Speaking after officially joining Code, Biti said while there is no doubt that a grand coalition could give President Robert Mugabe and his Zanu PF a run for their money, there is need for all opposition parties to put aside their selfish interests and realise that “no political party is bigger than the other”.
“This is a coalition that is not in competition with other opposition parties but we are not going to bow before anyone . . . we are going to work very hard to ensure that next year we give Zanu PF a run for their money . . . ” said Biti.
There is a general feeling that the main opposition leader has a “big brother syndrome”.
Last year, Tsvangirai seemingly slammed the door on, Biti, but embraced Ncube as talks among opposition parties continue to stutter due to personalities differences, infiltration by State security agents as well as personal hatred.

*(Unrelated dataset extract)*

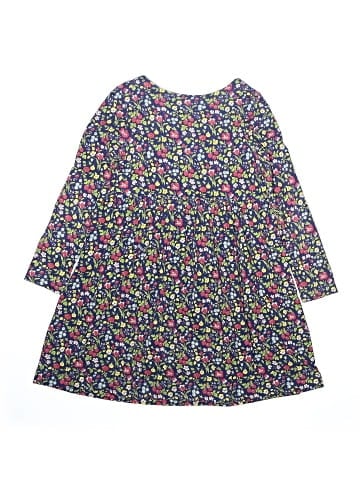 Mini Boden Dress (view 2)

While Biti and company have been running with Code, Mujuru and Tsvangirai have been rallying behind the National Electoral Reform Agenda (Nera).
Still, there is a feeling among analysts that Mujuru and Tsvangirai offer the opposition parties the brightest chances of ending Mugabe’s 37-yearold rule.
Biti yesterday suggested that some opposition parties were making “selfish considerations.”
Last December, he told the Daily News that he is ready to work with Tsvangirai, with whom he parted company with in 2014 following the MDC’s electoral defeat in 2013 only on equal basis.